* What you will do: Copy only what lies from the line containing "Mighty Fleet Action" through the line containing "MS license plate JDS502" in the entries below, keeping both end lines exact and dropping every picture.

* Extracted data entries:
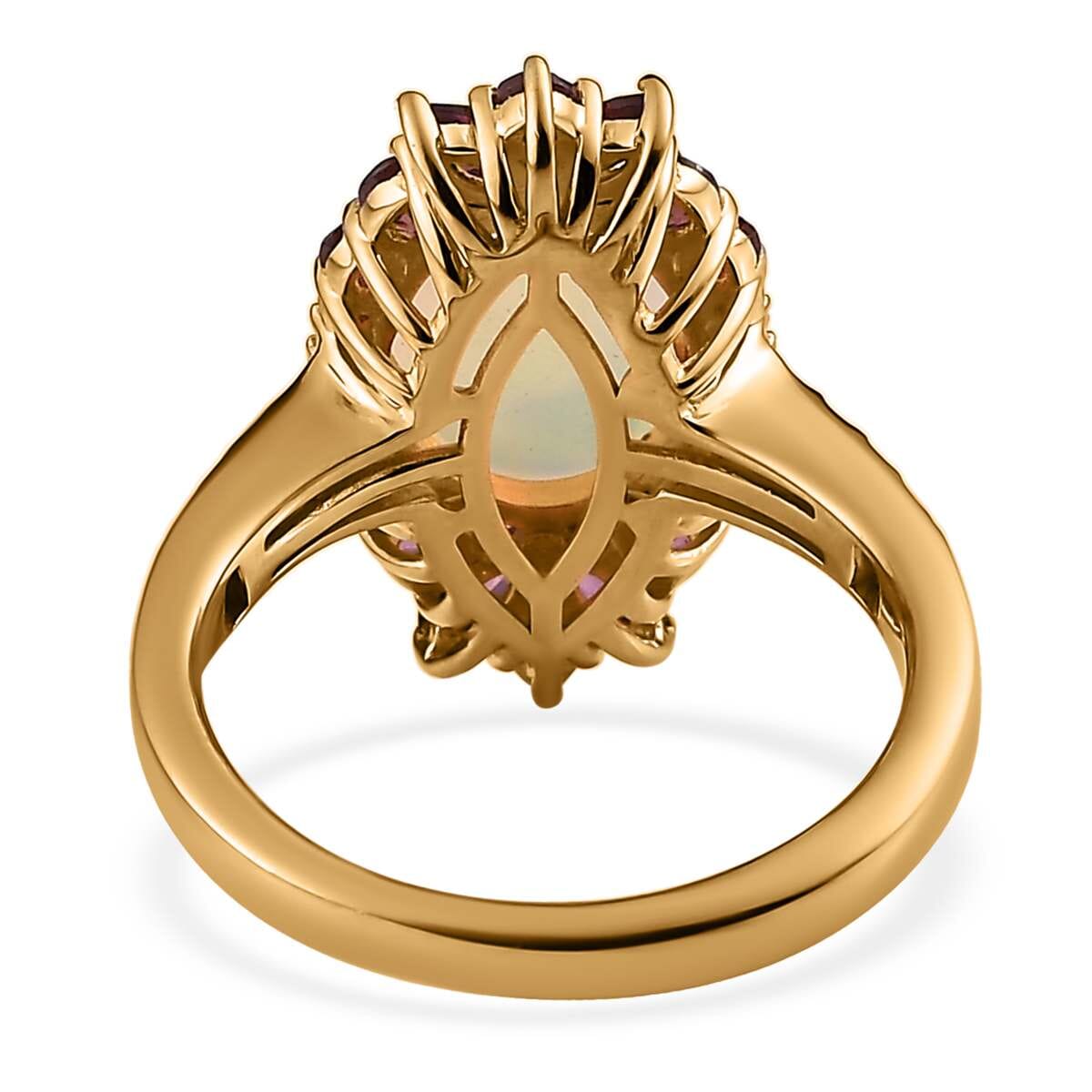 Ethiopian Welo Opal, Multi Gemstone Ring in Vermeil YG Over Sterling Silver (Size 10.0) 3.40 ctw image number 4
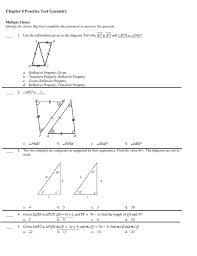 If so, state the rule which you used to determine congruence. Chapter 4 Practice Test Geometry Multiple Choice Identify The
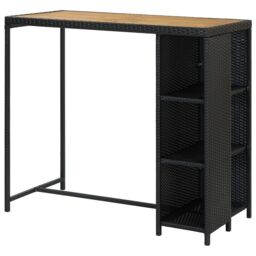 Berkfield Home Bar Table with Storage Rack Black 120x60x110 cm Poly Rattan - Size: 120 x 60 x 110 cm - thumbnail 4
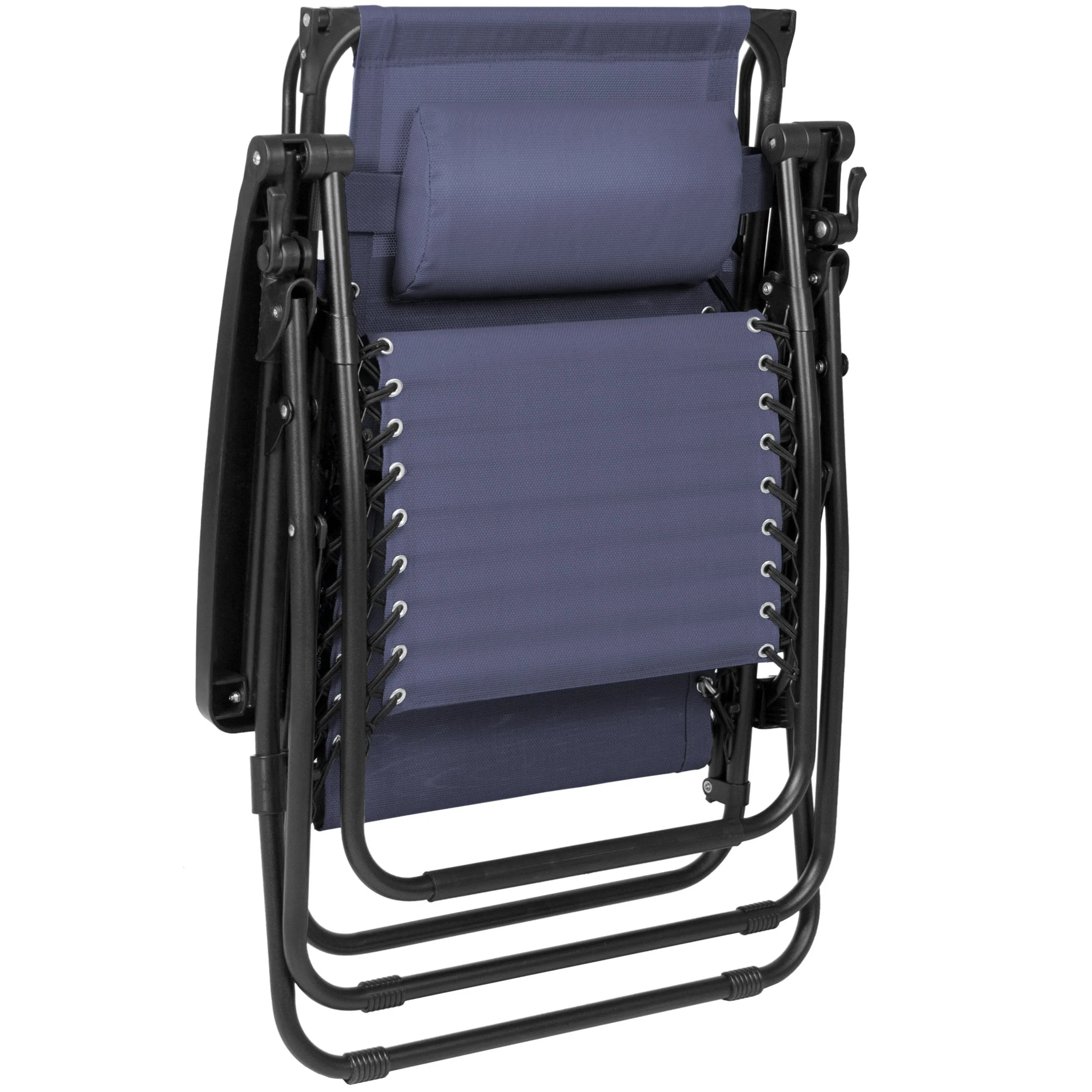 Folding Zero Gravity Recliner Lounge Chair w/ Canopy, Cup Holder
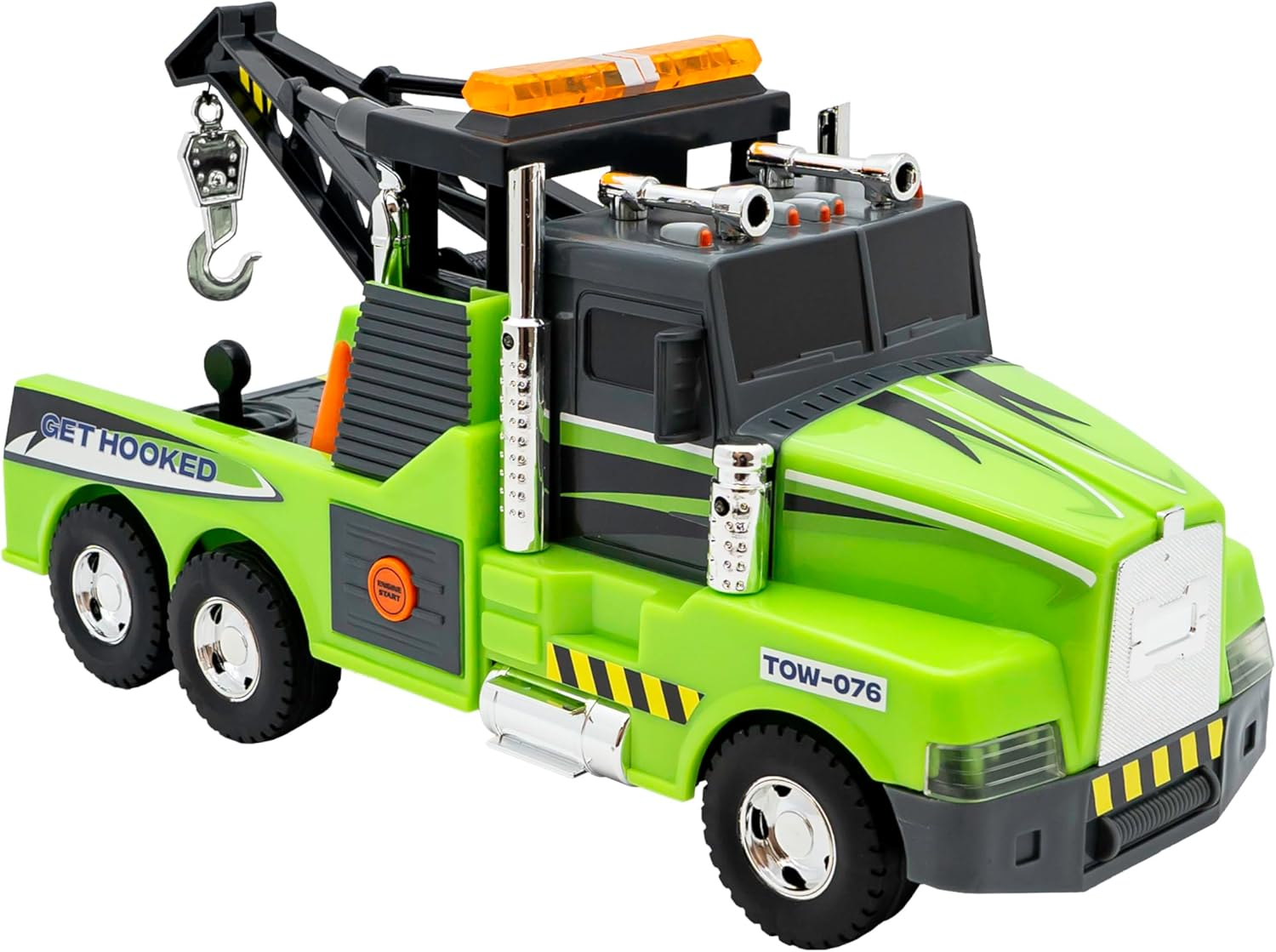 Mighty Fleet Action Drive 16" Interactive Tow Truck Toy W/Lights & Sounds, Motorized Winch, Motion Drive Action, Realistic Design & Batteries Included - Age 3+ image number 2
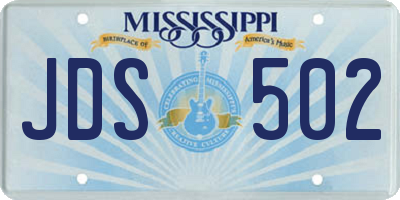 MS license plate JDS502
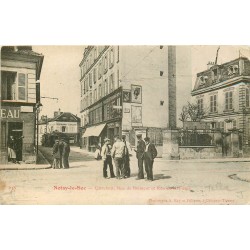 5 cpa 93 NOISY-LE-SEC. Carrefour rues Brèment et la Forge, Station Tramways, Bd Michelet, Panorama et Eglise St-Etienne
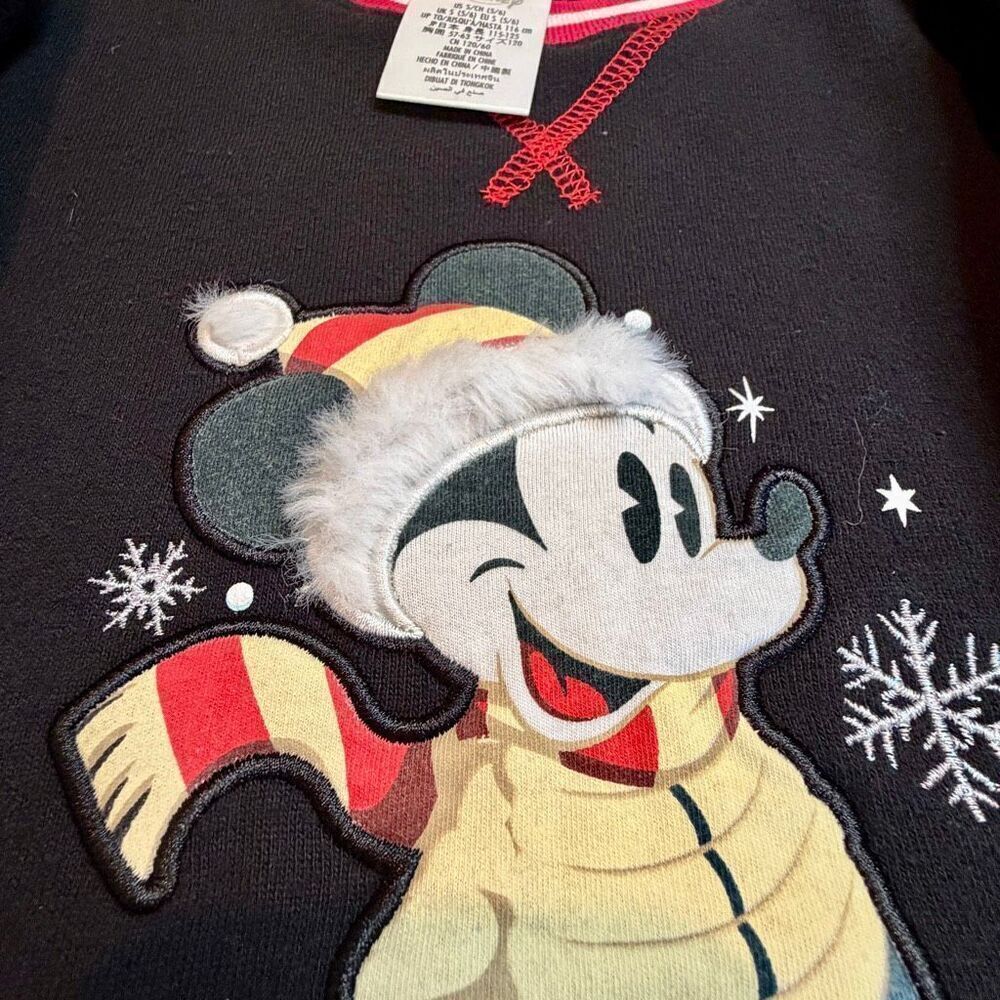 Mickey Mouse Holiday Sweatshirt Disney Parks KIDS Size 5/6 Christmas Preowned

* Expected answer:
 Mighty Fleet Action Drive 16" Interactive Tow Truck Toy W/Lights & Sounds, Motorized Winch, Motion Drive Action, Realistic Design & Batteries Included - Age 3+ image number 2
 MS license plate JDS502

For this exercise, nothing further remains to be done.